=== DATA FOR THIS TASK ===

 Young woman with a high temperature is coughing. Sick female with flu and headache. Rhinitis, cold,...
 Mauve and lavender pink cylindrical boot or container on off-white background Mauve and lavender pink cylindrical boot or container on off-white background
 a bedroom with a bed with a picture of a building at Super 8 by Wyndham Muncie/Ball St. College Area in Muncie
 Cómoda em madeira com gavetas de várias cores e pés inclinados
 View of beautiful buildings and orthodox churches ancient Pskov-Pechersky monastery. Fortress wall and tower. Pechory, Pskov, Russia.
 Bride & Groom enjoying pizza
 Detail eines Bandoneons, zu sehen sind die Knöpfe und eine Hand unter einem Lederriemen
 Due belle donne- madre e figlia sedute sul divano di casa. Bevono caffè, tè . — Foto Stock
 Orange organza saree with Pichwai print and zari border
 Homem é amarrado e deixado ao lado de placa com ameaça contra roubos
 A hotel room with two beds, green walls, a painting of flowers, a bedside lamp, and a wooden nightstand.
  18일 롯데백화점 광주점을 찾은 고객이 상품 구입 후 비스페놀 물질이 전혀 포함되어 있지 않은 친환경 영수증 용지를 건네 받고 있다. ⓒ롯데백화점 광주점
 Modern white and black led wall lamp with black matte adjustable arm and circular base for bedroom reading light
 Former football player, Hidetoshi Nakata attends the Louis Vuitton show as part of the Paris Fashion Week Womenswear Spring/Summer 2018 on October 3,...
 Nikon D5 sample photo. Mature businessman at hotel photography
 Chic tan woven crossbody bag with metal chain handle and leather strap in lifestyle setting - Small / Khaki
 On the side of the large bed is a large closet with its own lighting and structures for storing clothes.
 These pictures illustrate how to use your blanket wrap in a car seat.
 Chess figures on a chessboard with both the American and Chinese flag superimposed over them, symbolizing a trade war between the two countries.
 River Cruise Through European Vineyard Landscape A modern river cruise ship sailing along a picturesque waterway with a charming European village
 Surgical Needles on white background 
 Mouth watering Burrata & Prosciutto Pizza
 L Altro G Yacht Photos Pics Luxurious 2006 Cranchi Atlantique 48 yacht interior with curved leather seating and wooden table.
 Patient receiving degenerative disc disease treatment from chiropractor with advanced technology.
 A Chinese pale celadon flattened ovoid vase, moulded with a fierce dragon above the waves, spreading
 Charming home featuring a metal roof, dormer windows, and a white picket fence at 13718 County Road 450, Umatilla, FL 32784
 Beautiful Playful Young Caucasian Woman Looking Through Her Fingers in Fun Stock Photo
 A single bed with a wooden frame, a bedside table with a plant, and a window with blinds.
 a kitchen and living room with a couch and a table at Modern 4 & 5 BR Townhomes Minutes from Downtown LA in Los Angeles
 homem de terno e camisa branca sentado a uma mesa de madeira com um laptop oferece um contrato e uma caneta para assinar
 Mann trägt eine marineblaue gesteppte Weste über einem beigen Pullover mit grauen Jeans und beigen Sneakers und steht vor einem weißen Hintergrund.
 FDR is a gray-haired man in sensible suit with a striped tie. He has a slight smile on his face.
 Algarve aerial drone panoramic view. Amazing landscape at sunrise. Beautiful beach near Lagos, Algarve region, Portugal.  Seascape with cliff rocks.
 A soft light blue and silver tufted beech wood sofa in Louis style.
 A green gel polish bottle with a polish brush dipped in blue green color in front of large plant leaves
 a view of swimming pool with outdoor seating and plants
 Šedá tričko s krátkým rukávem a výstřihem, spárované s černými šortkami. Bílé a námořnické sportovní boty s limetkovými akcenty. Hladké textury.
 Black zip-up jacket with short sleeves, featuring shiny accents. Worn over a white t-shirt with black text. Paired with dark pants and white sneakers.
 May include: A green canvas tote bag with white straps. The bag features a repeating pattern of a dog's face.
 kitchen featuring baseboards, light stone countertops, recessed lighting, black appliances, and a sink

===

- _TASK DIRECTIONS_
Output the lines of the records above exactly as they appear, from the line containing "Due belle donne- madre" through the line containing "A hotel room".

- _RESPONSE FOR THIS EXERCISE_
 Due belle donne- madre e figlia sedute sul divano di casa. Bevono caffè, tè . — Foto Stock
 Orange organza saree with Pichwai print and zari border
 Homem é amarrado e deixado ao lado de placa com ameaça contra roubos
 A hotel room with two beds, green walls, a painting of flowers, a bedside lamp, and a wooden nightstand.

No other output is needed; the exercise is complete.